Exercise objective → Stop at the line containing "A família imperial": write out every line from the beginning of the entries up to and including it, minus the pictures.

[Captioned web image data]

== Segment start ==

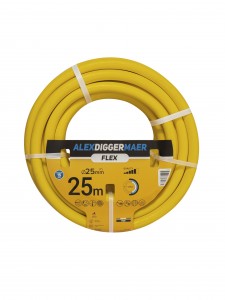 Шланг Резиновый ТЭП 1" 25мм, 25м, 3-сл, армир, желтый,-50+60,5 АТМ,SunnyFlex,Alex Diggermaer,AD52525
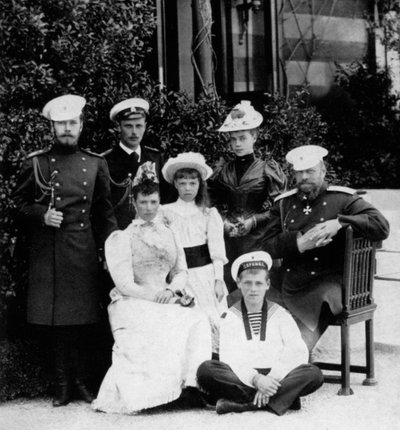 A família imperial russa, c1894 1964 de Unbekannt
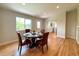 Open dining area with hardwood floors and abundant natural light at 18073 E Belleview Pl, Centennial, CO 80015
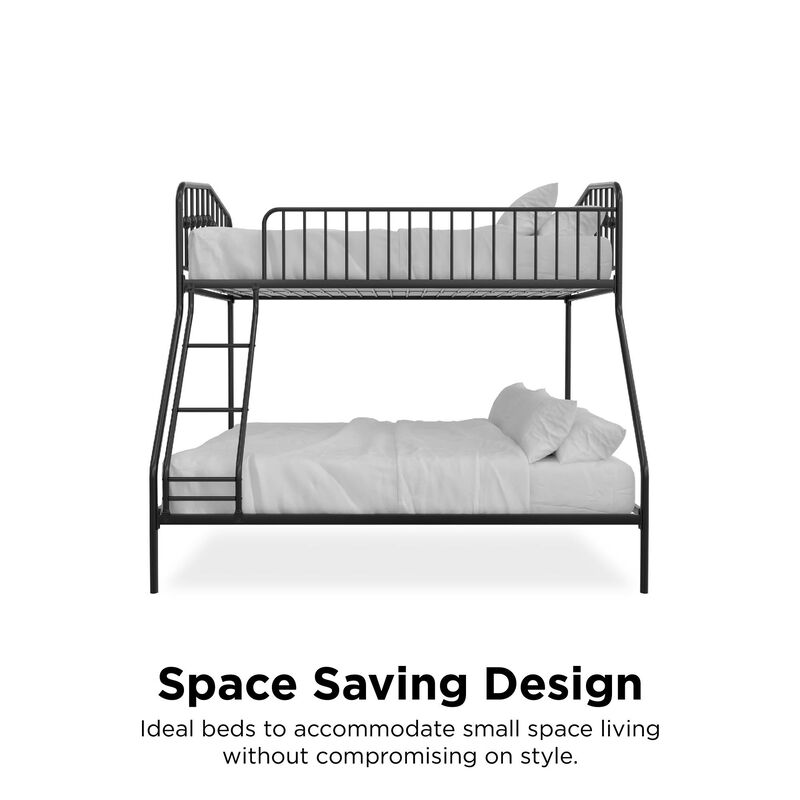 Novogratz Bushwick Metal Bunk Bed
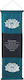 Alphab2b Hanging Handmade Turquoise Wall Decor Made of Fabric 37x119cm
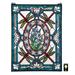 Design Toscano Dragonfly Floral Stained Glass Window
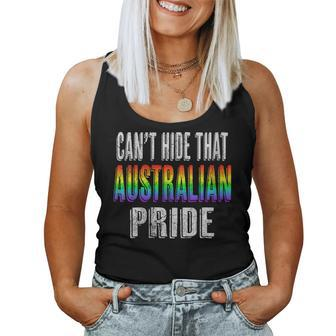 Retro 70S 80S Style Cant Hide That Australian Pride Women Tank Top | Mazezy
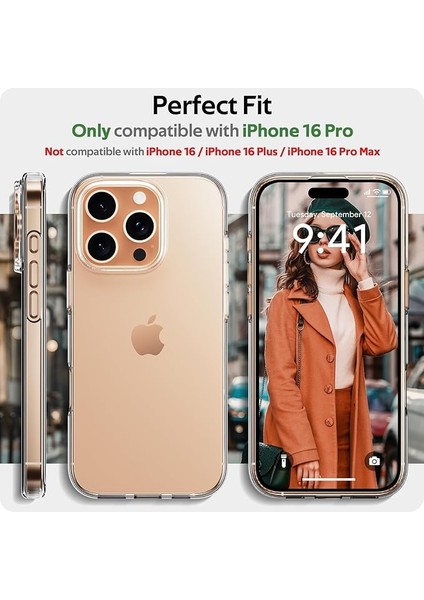 iPhone 16 Pro Kılıf Şeffaf Silikon Kamera Koruma Çıkıntılı Ultra İnce Slim modelleri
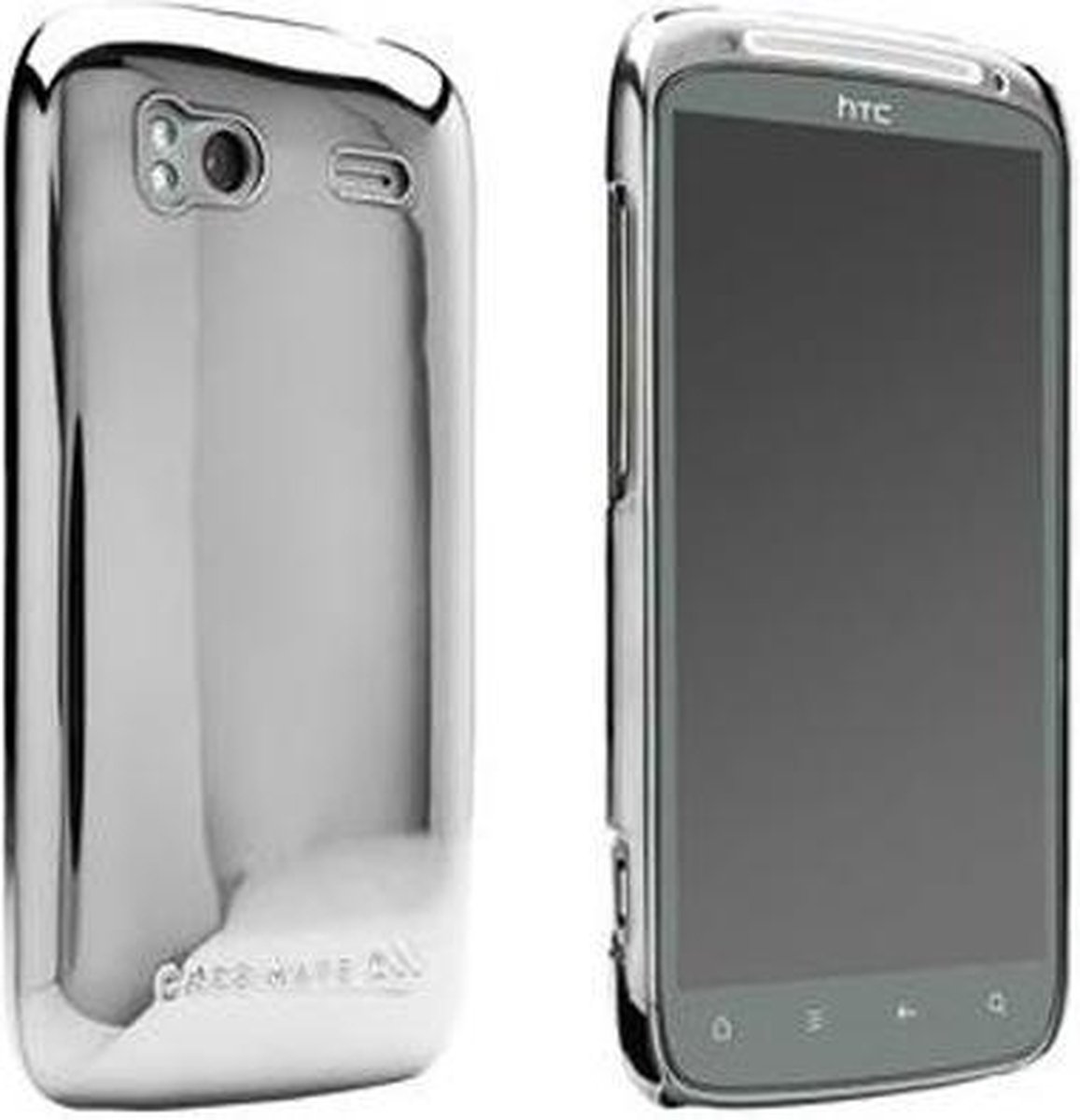HTC Sensation (XE) hoesje - Case-Mate - Chroom - Kunststof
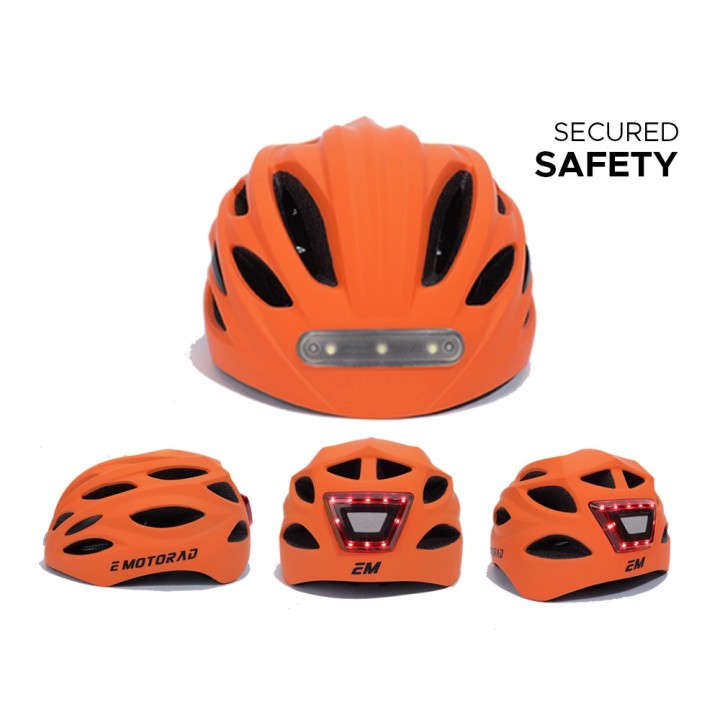 EMotorad Beacon Cycling Helmet | Smart Safety & Lightweight Design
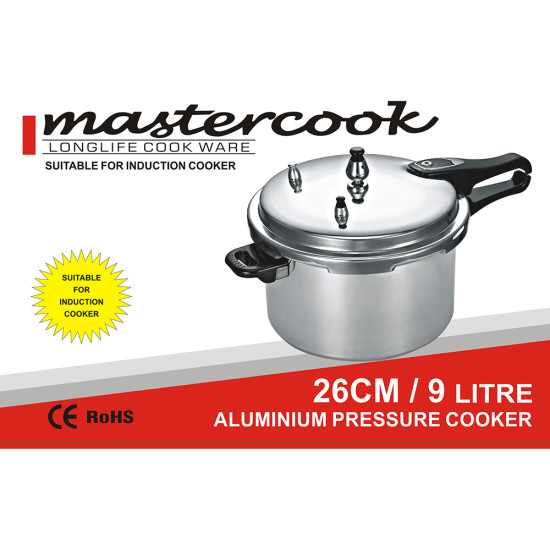 9LT ALUMINIUM PRESSURE COOKER INDUCTION BOTTOM image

== Segment end ==

Result below →
 Шланг Резиновый ТЭП 1" 25мм, 25м, 3-сл, армир, желтый,-50+60,5 АТМ,SunnyFlex,Alex Diggermaer,AD52525
 A família imperial russa, c1894 1964 de Unbekannt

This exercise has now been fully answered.